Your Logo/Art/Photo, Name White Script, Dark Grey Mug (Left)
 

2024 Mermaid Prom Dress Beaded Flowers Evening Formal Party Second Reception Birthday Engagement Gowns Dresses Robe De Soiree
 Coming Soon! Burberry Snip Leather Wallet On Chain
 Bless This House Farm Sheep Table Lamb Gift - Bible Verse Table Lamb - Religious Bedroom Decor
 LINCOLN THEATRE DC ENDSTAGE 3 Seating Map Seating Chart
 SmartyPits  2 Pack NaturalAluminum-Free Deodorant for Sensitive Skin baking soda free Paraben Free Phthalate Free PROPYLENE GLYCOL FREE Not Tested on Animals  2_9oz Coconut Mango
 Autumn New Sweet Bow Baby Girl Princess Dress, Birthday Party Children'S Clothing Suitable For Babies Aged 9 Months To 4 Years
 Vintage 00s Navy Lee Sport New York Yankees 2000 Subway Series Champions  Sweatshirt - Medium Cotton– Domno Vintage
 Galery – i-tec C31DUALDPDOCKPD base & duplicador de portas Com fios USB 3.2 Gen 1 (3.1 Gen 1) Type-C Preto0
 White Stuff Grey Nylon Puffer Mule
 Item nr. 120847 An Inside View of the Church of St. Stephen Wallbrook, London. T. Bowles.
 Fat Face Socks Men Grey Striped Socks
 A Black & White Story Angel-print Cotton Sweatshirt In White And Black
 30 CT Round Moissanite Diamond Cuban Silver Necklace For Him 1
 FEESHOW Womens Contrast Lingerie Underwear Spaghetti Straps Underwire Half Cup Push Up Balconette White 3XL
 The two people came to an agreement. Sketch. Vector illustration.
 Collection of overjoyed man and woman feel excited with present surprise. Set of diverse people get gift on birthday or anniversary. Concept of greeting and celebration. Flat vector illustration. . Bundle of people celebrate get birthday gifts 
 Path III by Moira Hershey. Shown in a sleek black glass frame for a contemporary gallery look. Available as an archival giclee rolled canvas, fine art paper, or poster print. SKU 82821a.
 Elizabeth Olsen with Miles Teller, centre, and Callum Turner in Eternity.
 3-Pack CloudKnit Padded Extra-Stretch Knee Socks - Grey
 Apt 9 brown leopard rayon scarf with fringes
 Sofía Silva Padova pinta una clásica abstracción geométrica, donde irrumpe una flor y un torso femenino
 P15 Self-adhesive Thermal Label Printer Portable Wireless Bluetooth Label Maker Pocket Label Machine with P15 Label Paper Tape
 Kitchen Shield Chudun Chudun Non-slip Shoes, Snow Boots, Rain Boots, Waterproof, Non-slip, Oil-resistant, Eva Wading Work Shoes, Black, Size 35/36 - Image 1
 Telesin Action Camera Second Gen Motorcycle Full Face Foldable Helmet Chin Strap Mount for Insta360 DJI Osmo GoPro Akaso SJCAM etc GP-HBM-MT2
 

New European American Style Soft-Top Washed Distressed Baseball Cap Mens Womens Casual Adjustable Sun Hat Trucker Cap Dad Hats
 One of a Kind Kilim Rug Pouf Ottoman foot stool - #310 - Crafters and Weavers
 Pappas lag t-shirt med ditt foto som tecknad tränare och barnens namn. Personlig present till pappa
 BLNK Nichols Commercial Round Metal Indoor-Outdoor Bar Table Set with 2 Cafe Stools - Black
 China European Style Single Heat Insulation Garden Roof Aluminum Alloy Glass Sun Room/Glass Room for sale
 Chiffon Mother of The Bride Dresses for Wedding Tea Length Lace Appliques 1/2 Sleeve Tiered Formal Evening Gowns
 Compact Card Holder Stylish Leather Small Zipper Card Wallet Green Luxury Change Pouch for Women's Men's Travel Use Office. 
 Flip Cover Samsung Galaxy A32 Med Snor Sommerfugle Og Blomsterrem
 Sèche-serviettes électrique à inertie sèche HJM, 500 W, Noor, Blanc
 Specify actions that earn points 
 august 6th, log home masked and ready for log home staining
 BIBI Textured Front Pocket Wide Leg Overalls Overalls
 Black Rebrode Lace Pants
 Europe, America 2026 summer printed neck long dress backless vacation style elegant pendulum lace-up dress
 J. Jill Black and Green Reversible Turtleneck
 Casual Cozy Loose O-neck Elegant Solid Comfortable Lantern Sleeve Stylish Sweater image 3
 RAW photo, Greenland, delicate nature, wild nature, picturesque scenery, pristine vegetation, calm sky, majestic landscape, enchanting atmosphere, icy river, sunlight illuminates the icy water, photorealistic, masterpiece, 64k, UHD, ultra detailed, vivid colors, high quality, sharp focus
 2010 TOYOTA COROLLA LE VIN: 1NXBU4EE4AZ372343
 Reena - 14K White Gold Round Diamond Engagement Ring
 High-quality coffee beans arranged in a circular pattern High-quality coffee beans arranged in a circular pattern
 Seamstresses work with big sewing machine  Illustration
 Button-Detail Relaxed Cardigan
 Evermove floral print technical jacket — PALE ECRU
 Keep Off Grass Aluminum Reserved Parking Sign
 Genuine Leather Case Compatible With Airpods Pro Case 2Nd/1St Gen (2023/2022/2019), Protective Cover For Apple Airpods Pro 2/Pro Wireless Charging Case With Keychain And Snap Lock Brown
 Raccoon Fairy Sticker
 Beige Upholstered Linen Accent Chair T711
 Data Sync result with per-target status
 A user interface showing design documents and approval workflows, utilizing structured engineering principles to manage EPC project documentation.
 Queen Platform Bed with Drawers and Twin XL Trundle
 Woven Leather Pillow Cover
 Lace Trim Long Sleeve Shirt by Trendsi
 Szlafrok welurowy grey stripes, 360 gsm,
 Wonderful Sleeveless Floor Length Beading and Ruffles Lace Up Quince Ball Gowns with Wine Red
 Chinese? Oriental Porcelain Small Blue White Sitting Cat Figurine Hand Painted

--- --- ---

WHAT YOU NEED TO DO: Look through the material above for the string "Casual" and copy each line that has it.

WRITTEN SOLUTION:
New European American Style Soft-Top Washed Distressed Baseball Cap Mens Womens Casual Adjustable Sun Hat Trucker Cap Dad Hats
 Casual Cozy Loose O-neck Elegant Solid Comfortable Lantern Sleeve Stylish Sweater image 3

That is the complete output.